Als Angela Merkel Bundeskanzlerin wurde, hörten kleine Mädchen auf einmal den Satz: "Du wächst jetzt in einem Land auf, in dem Frauen alles werden können - auch Bundeskanzlerin".

Und die Hoffnung bestand wirklich, dass Frauen nun endlich eine größere Rolle spielen würden - in den Parlamenten, in Unternehmen und in der Wissenschaft.

Zwölf Jahre später ist Merkel immer noch Kanzlerin. Doch die Situation von Frauen hat sich wenig verbessert. In einigen Winkeln unserer Gesellschaft sind Frauen sogar auf dem Rückzug. In der Politik zum Beispiel.

Kaum Frauen in der Politik

Nach der Bundestagswahl werden so wenig Frauen im Bundestag sitzen wie zuletzt vor 15 Jahren: Aktuell liegt der Frauenanteil noch bei rund 37 Prozent - in der neuen Legislaturperiode wird der Anteil auf 31 Prozent sinken, schätzt die Plattform "Mandatsrechner".

Nur 8,2 Prozent der Oberbürgermeister in Deutschland sind Frauen - 2008 lag der Anteil laut einer Studie der Heinrich-Böll-Stiftung noch bei fast 18 Prozent.

Frauen sind damit in der deutschen Politik so schlecht repräsentiert wie seit Jahren nicht.

Ein ähnliches dunkles Bild zeigt sich in der Wirtschaft.

Wenige weibliche Chefs

In den Vorständen der börsennotierten Unternehmen in Deutschland liegt der Anteil der Männer laut einer Studie der Allbright Stiftung bei 93 Prozent. Noch krasser: 49 der CEOs heißen Thomas oder Michael - das sind mehr als die 46 weiblichen Chefs.

Auch im Mittelstand herrscht bei den Führungskräften eklatanter Frauenmangel. Nur vier Prozent der Chefs im sogenannten deutschen Motor sind weiblich.

Und dennoch hat Deutschland bei vielen Beobachtern im Ausland ein ganz anderes Image.

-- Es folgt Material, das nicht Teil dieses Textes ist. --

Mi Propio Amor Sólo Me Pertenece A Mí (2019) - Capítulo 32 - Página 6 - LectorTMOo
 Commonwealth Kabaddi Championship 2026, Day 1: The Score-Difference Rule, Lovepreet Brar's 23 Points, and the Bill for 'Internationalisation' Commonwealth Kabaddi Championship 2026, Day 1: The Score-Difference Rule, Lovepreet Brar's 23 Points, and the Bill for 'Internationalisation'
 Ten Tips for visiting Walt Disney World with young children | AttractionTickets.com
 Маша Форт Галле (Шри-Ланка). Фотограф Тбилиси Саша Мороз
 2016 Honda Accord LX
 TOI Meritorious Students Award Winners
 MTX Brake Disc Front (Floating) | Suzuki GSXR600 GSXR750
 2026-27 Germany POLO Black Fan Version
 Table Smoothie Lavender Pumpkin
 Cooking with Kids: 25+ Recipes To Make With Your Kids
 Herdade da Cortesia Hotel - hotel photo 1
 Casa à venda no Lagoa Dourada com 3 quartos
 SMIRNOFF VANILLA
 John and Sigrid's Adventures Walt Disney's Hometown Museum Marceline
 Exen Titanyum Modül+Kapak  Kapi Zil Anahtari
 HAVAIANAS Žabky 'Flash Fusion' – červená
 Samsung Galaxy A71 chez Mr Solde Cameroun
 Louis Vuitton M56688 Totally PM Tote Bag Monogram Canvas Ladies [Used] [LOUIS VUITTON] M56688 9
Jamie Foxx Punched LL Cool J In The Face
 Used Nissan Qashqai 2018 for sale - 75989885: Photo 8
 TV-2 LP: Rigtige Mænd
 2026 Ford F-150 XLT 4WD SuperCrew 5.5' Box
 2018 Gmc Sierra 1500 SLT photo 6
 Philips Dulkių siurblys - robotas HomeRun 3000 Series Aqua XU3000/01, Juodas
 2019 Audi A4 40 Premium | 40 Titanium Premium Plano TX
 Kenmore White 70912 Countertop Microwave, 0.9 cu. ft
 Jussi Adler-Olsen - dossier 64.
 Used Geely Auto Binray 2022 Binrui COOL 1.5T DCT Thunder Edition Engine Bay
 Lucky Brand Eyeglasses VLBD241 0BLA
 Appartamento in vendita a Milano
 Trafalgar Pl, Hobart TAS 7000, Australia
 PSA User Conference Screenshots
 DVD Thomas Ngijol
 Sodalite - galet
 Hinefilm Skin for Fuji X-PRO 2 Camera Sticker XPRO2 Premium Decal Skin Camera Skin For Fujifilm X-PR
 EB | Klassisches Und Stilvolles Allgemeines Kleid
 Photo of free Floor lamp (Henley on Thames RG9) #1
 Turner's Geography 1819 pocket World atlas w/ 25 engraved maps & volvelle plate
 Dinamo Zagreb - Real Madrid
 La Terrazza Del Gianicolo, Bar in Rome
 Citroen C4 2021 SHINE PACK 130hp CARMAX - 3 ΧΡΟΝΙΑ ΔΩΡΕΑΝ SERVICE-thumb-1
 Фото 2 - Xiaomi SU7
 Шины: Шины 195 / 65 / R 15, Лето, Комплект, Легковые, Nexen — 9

Dort wirkt unser Land weit moderner und progressiver, als es eigentlich ist, resümierte kürzlich sogar die “New York Times”.

Das liegt in erster Linie an dem Image von Kanzlerin Merkel, der mächtigsten Frau der Welt.

Mehr zum Thema: Frauen-Gipfel in Berlin: Eine Frage bringt Angela Merkel auf dem Podium ins Stottern

Viele Frauen arbeiten Teilzeit

Auch bei den Gehältern von Frauen schneidet Deutschland im internationalen Vergleich besonders schlecht ab. Im Schnitt verdienen Frauen immer noch 21 Prozent weniger als Männer. Im OECD-Durchschnitt liegt dieser Gender-Pay-Gap bei knapp 17 Prozent.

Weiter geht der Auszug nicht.